Keywords: Robert Graves, black protagonists in children’s literature, pirates in children’s literature, modernist picturebooks
The Will
Dedication in the front of Nancy Nicholson’s copy of The Pirate Twins. Permission Carola Stuart
Wortley, in trust for Manuela Graves.
Pirates
The Pirate Twins (1929) by the English painter Sir William Nicholson is a milestone in children’s picturebooks.
As Sam Graves noted, WN bought some black patterned socks in France and ‘had second thoughts about them’.
Photos by Nancy Nicholson of Alexander and Bartholomew, ‘Taken on Nancy’s
roadside step in Ansty.’ Permission Carola Stuart Wortley, in trust for Manuela
Graves.
In a July 1919 letter to his sister Rosaleen, Robert Graves appears to be discussing the pirate dolls as a potential source of much-needed income in the second year of his marriage to Nancy, a time when plans for children’s projects were being discussed. Richard Perceval Graves notes: ‘Another scheme, mentioned in the same letter, involved marketing a black gollywog doll of Nancy’s design. Examples of these dolls “went everywhere with them” at that time; and Robert asked Rosaleen to tell their father that he and Nancy were in the process of having their design patented’.
The Pirate Twins are not golliwoggs; they do not have the minstrel faces or bushy hair characteristic of the Florence Upton creation.
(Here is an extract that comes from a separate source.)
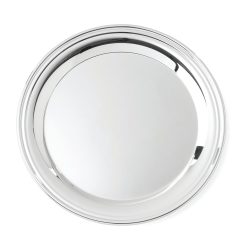 Alternative view of Lenox Fine Lenox Fine Derby Silverplate Round Tray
Cover of Nancy Nicholson’s copy of Pirate Twins. Permission Carola Stuart Wortley in trust for Manuela Graves
The Pirate Twins is taken seriously by scholars because it is an early and unusually fine example of a book in which narrative line is carried by a deft integration of the visual and literary elements and, of course, is beautifully drawn. The book contributes to Nicholson’s canon in meaningful ways because it was a legitimate extension of his artistic vision. He had chosen not to be solemn about the things that he was most serious about; the wit and playfulness of his pages was the hallmark of his defiance of the painting tradition he had inherited. He had put some of his most brilliant creative work into still lifes of food and fish, for example, which serve a narrative function in the Pirate Twins book. His oil paintings were fundamentally concerned with ‘magic’, often based upon painterly illusion or an unusual viewpoint. As his daughter Eliza noted, ‘it was as if he were training to be a magician, and we were helping him’.
The Twins escape back to sea. Andrew Jones Art, 2005. William Nicholson’s writings and
drawings© Desmond Banks.
The Pirate Twins is an intimate book because it looks hand drawn, including the borders of the pictures and page numbers, and has no printed material in it. As Greg M. Smith notes, line drawings convey the knowledge that they are the subjective view of a single hand, and the simplicity and casual style of the book emphasize this.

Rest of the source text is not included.